5. Put the saucepan over medium heat and bring the mixture to the boil while constantly whisking.

6. Keep boiling for around 1 min, then remove from the heat.

7. Whisk in the cherry liquor

8. Let sit for 5 min.

9. Add the butter and whisk in until it is well Incorporated (the cream should be smooth and slightly shiny).

Method: Topping
1. Wash, and dry blueberries.

Method: Assembly
1. Once the tart base has cooled, add the pastry cream.
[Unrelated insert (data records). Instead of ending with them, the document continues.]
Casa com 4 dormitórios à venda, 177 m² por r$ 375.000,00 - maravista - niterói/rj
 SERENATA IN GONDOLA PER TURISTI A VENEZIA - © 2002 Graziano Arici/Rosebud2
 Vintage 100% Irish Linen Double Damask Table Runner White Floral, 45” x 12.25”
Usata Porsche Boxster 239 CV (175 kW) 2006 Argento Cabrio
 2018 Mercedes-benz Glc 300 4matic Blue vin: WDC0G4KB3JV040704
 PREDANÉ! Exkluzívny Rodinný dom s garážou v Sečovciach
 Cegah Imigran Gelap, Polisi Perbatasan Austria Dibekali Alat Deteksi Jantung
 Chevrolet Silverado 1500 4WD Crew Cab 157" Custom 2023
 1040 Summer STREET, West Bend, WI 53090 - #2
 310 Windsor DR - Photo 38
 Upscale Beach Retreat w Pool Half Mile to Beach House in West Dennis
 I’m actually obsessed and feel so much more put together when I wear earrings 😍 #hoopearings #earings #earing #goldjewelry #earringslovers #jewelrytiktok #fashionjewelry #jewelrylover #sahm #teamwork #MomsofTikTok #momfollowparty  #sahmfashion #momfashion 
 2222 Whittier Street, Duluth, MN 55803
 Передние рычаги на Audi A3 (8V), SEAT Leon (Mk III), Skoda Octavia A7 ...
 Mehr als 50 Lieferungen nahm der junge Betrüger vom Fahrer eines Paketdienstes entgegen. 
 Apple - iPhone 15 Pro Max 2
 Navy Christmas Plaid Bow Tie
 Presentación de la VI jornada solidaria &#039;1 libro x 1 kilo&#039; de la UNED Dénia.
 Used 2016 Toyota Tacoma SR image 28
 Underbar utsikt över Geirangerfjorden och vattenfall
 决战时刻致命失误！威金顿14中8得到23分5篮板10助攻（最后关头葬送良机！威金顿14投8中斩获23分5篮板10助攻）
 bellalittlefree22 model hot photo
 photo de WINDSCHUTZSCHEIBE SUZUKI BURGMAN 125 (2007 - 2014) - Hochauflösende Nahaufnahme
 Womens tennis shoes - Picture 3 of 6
Smooth the top with a mini pastry scraper or a rubber spatula.

2. Place the strawberries on top in a manner that pleases.

From Dorie Greenspan "Baking From My Home to Yours" p. 377.

Cheese Cake with Raspberry Coulis

Sorry it's taken me so damn long to post - I have been baking really! 

A tasty smooth rich cake with a bit of 
a kick from the coulis this was a delectable cake!

Ingredients: Crust
1 ans 3/4 cups graham cracker crumbs
3 Tbs Sugar
Pinch of Salt 
1/2 stick melted unsalted butter

Ingredients: Cheesecake
Four 8 oz boxes cream cheese, at room temp.
1 and 1/3 cups sugar
1/2 tsp. salt
2 tsp. pure vanilla extract
4 large eggs at room temp.
1 and 1/3 cups sour cream or heavy cream. 

Ingredients: Coulis
1 pint fresh raspberries (or frozen just make sure they are partially thawed)
3 Tbs. sugar (or more to taste)

Method: Crust
1. Butter a 9-inch springform pan. Make sure the sides of the pan are 2.75 inches high. 
2. Wrap the bottom of the pan in alumininum foil. 
3. Stir the crumbs, sugar and salt toether in a medium bowl. 
4. Pour over the melted butter and stir until evrything is uniformly moist. 
5. Scrape the ingredients into the tin. Pat an even layer of crumbs on the bottom of the pan and about half way up the sides. 
6. Put the pan in the freezer. 
7. Preheat the oven to 325F. 

Method: Cheesecake
1. Put a kettle of water on to boil.
2. Using a stand mixer with a paddle attachment beat the cream cheese on medium speed for 4 min. 
3. Scrape down the sides of the bowl. 
4. With the mixer running on medium, add the sugar and salt. Mix for another 4 min until the cream cheese is light. 
5. Scrape down the sides of the bowl and the bottom of the bowl with a rubber spatula. 
6. Beat in the vanilla. 
7. Scrape the sides and bottom. 
8. Add the eggs one by one, beating for a full min. before adding the next egg. 
9. Reduce the speed of the mixer to low and ad
d the cream (sour of heavy whipping cream). 
10. Place the foil wrapped springform pan into a large roasting pan. 
11. Scrape down the sides and bottom of the batter bowl. 
12. Pour the batter into the springform. 
13. Place th roasting pan in the oven, and pour enough boiling water into it so that the boiling water comes half way up the sides of the springform. 
14.  Bake for 1 hour 30 min.
15. Turn the oven off, and prop the door open with a wooden spoon. Leave the cheesecake in the oven for another hour. 
16. Pull the setup out of the oven, lift the springform out and remove the foil. 
17. Let the cheesecake come to room temp. 
18. Refrigerate for at least 4 hours. 
19. When ready to serve remove the sides of the springform, and cut the cake. 

Method: Raspberry Coulis
1. Place the berries and sugar in a blender and whir until pureed. Add more sugar if needed. 
2. Strain the coulis through a sieve and serve on top of cheesecake. 

Taken from Dorie Greenspan "Baking: From My Home to Yours" pp. 467 and 235-7.